Context. In the first few months following the DART impact on Dimorphos, it appears that the orbital period dropped by ∼30 s in addition to the immediate ∼30 min drop. This effect has been attributed to “binary hardening”, whereby the binary's orbital period would have gradually decreased as Dimorphos continuously scattered bound ejecta out of the system and lost angular momentum.

Aims. We investigated this hypothesis with the goal of constraining the conditions that would lead to a gradual decrease in the binary's orbital period.

Methods. We used N-body simulations to study the dynamical evolution of the Didymos system under the influence of a cloud of massive test particles.

Results. We demonstrate that the gravitational scattering of ejecta is not a plausible explanation for Dimorphos's anomalous orbital period drop under any circumstances.

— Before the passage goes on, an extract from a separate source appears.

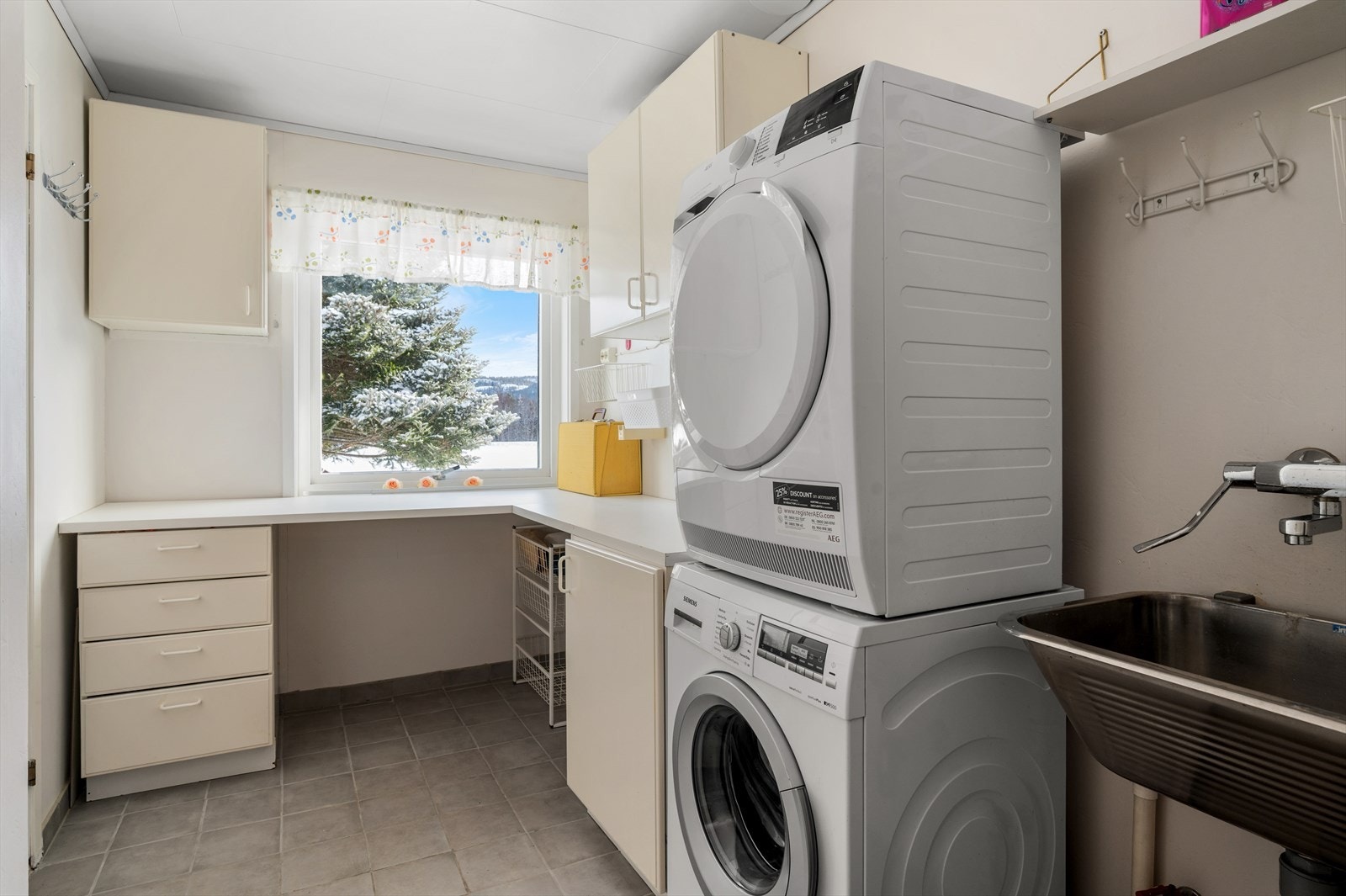 Vegg i vegg med badet er det etablert praktisk vaskerom på 6 m². Rommet er innredet med fliser på gulv, utslagsvask og opplegg for vaskemaskin. Galleribilde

This is a result of Dimorphos's escape speed being low compared to its orbital velocity, making it a weak scatterer.

Conclusions. If a significant fraction of DART ejecta was launched at low speeds, as impact models and scaling laws suggest, then the binary's orbital period was likely increased as this material was accreted back onto Didymos and Dimorphos. Therefore, some additional mechanism must have overcome this effect, leading to a net orbital period decrease.